Beck cursed; Fuller was gaining on him. He ordered another salvo of Sea Lions fired. They had to run out in front of the ship and then loop behind to reach their target. This cost him precious space and time.
More Mark 88s went off. They had been set on lower yields, probably a tenth of a kiloton, to knock down Beck’s Sea Lions without damaging Challenger too badly.
Beck ordered the pilot to turn slightly, again. Immediately Haffner reported eight Mark 88s in the water, tearing after von Scheer at almost thirty knots net closing speed. Challenger resumed her brain-shattering sonar harassment.
Beck ordered the pilot due south. He ordered Stissinger to launch eight more Sea Lions. Stissinger yelled that the work was badly slowed because of the jammed autoloader and slippery firefighting foam, laced with oily hydraulic fluid, that was sloshing on the torpedo-room deck.

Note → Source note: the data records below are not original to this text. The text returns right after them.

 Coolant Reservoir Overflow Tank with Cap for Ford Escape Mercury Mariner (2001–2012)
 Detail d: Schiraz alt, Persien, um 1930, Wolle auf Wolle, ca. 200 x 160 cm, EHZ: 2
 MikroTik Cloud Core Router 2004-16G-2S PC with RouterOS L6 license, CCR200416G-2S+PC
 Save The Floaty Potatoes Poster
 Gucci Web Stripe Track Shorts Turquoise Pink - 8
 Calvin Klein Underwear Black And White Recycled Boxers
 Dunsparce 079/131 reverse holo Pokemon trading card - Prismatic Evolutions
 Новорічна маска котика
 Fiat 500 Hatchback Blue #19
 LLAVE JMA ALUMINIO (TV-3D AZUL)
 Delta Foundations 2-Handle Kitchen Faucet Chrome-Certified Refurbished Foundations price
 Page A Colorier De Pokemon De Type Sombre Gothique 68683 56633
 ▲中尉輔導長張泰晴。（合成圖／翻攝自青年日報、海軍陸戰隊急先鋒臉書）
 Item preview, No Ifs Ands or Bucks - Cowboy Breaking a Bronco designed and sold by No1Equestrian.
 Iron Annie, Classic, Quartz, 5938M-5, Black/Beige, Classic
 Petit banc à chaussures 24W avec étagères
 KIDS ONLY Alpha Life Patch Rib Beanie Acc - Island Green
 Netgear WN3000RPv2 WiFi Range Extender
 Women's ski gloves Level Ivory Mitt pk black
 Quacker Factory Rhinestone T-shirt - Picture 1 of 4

Beck ordered Stissinger to the torpedo room to take charge and steady the men. More A-bombs went off. The intercom circuits failed; the phone talker said his line had gone dead; the on-board fiber-optic LAN went down. The lights dimmed suddenly — and Beck was out of touch with the rest of his ship.
Soon a messenger came forward from Engineering, breathless from running in a heavy compressed air pack. He said an auxiliary turbogenerator was on fire and the main propulsion-shaft packing gland was leaking. The engineer requested permission to use the main batteries to drive the firefighting pumps and bilge pumps aft. Beck knew that to draw current from the main propulsion turbogenerators would slow the ship, the last thing he could afford. And draining the battery ran the risk that von Scheer might not be able to restart her nuclear reactor, in case the reactor scrammed because of blast shock or an electrical problem.